> [Image-caption web data]

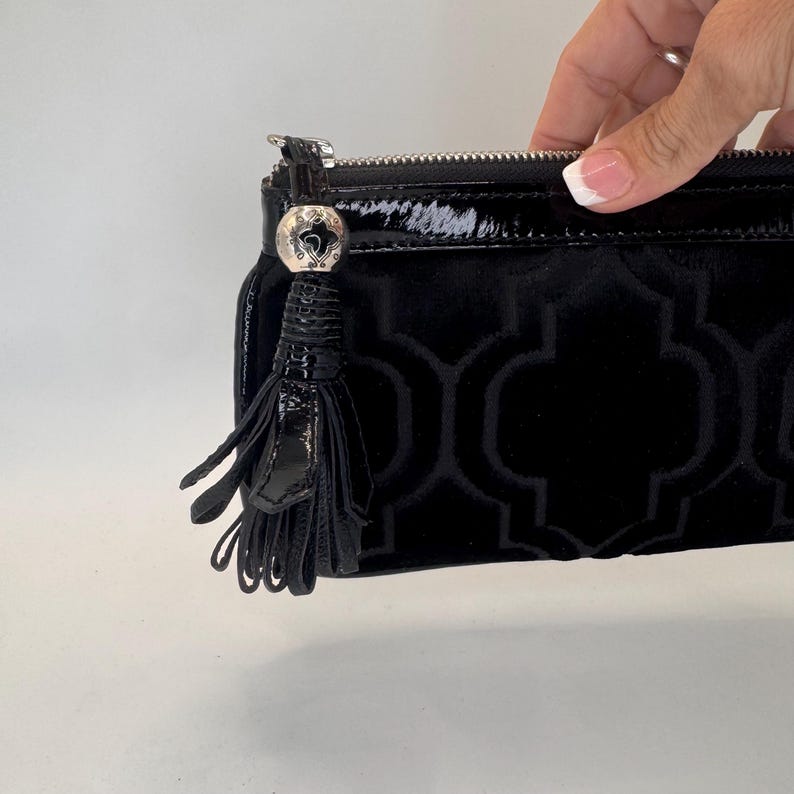 May include: Black clutch bag with a geometric pattern and a shiny, patent leather tassel. The bag has a silver zip and a decorative silver charm. The bag is made of a soft, velvet-like material.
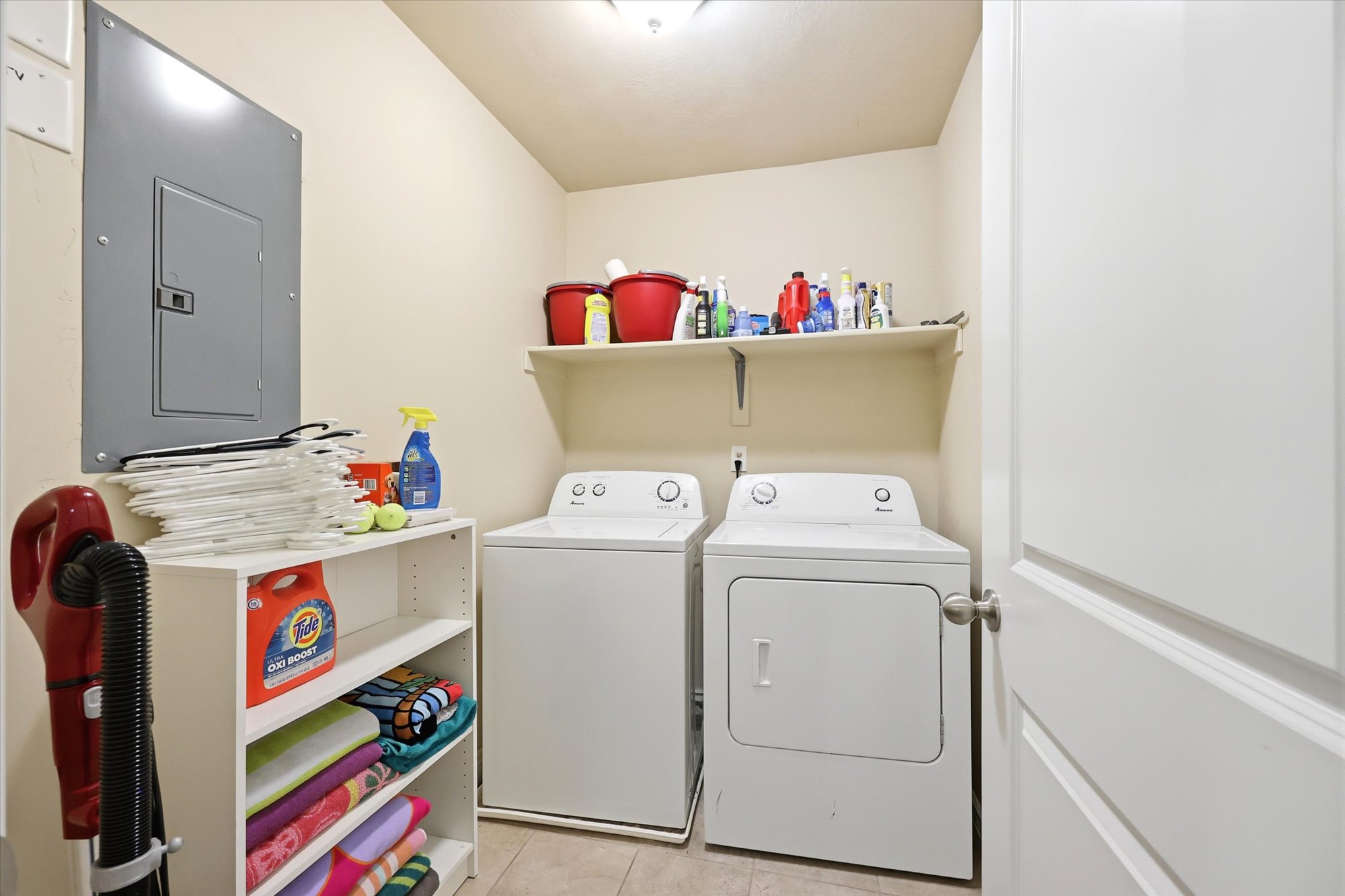 Laundry area featuring electric panel, washer and clothes dryer, and light tile patterned flooring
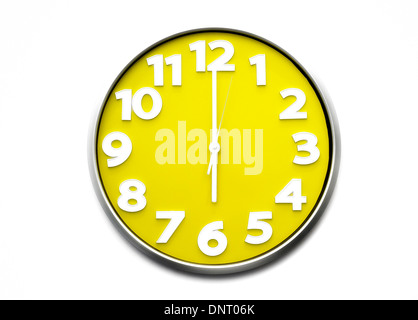 yellow clock face 6 o'clock the clock strikes six 1800 hours Stock Photo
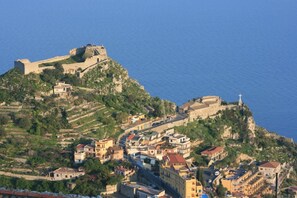 A coastal town with a prominent fortification on a hill, surrounded by residential buildings and a clear view of the sea. - Villa Regina (Castelmola)
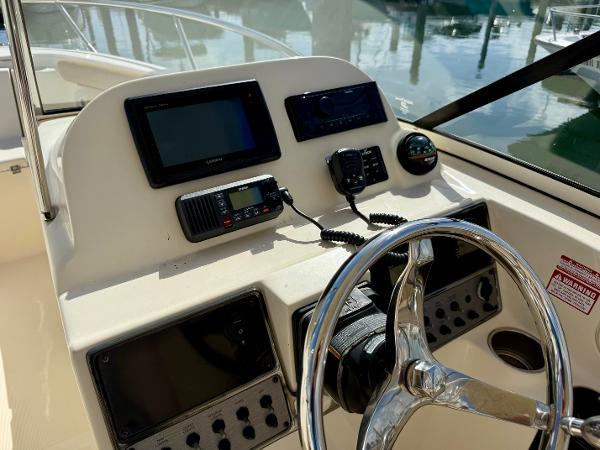 Control panel of a 2016 Scout 245 Dorado boat with steering wheel and navigation equipment.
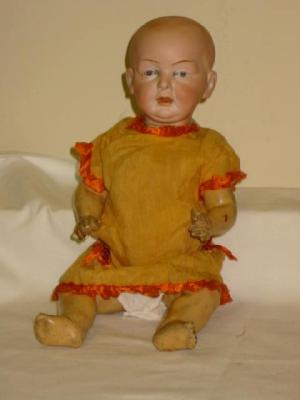 Appraisal: An Eisenmann Co bisque head baby character doll with painted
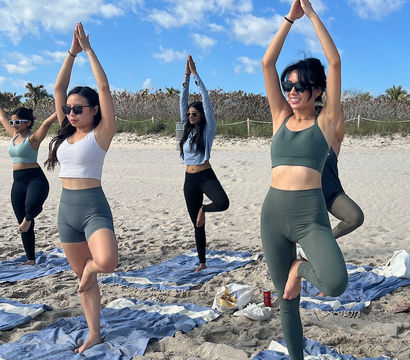Group practicing tree pose on striped beach towels during a sunny outdoor beach yoga session in activewear under a bright blue, partly cloudy sky with sand and coastal vegetation in the background.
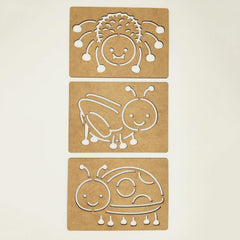 Three cardboard cutouts of animals on a beige background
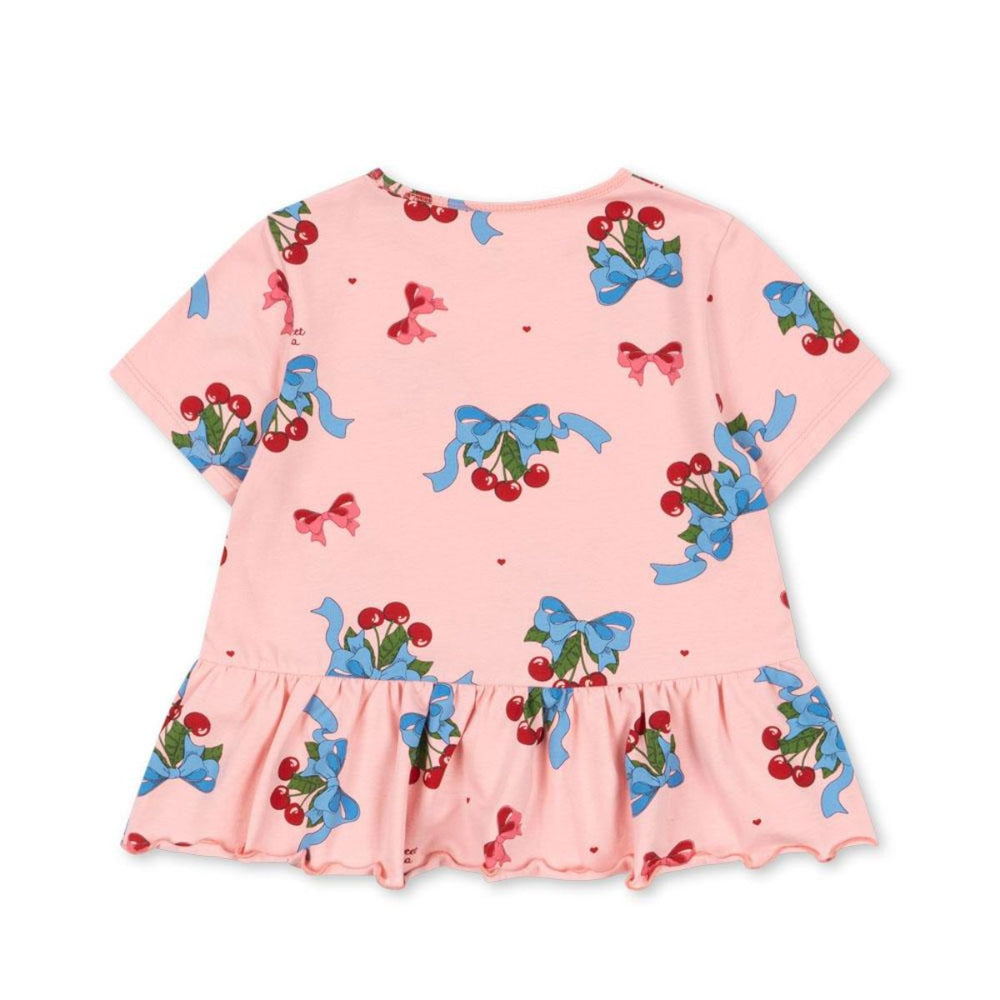 Hoe lief is dit basic frill t-shirt in de variant amarena van het merk Konges Slojd?! Dit mooie t-shirt is net een beetje anders dan anders en maakt van elke outfit een eyecatcher! Het t-shirt is voorzien van een schattige amarena print en heeft een leuk ruchesdetail aan de onderkant. VanZus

> [The task]
All entries must come back exactly as written, though without their pictures.

> [Result of this exercise]
 May include: Black clutch bag with a geometric pattern and a shiny, patent leather tassel. The bag has a silver zip and a decorative silver charm. The bag is made of a soft, velvet-like material.
 Laundry area featuring electric panel, washer and clothes dryer, and light tile patterned flooring
 yellow clock face 6 o'clock the clock strikes six 1800 hours Stock Photo
 A coastal town with a prominent fortification on a hill, surrounded by residential buildings and a clear view of the sea. - Villa Regina (Castelmola)
 Control panel of a 2016 Scout 245 Dorado boat with steering wheel and navigation equipment.
 Appraisal: An Eisenmann Co bisque head baby character doll with painted
Group practicing tree pose on striped beach towels during a sunny outdoor beach yoga session in activewear under a bright blue, partly cloudy sky with sand and coastal vegetation in the background.
 Three cardboard cutouts of animals on a beige background
 Hoe lief is dit basic frill t-shirt in de variant amarena van het merk Konges Slojd?! Dit mooie t-shirt is net een beetje anders dan anders en maakt van elke outfit een eyecatcher! Het t-shirt is voorzien van een schattige amarena print en heeft een leuk ruchesdetail aan de onderkant. VanZus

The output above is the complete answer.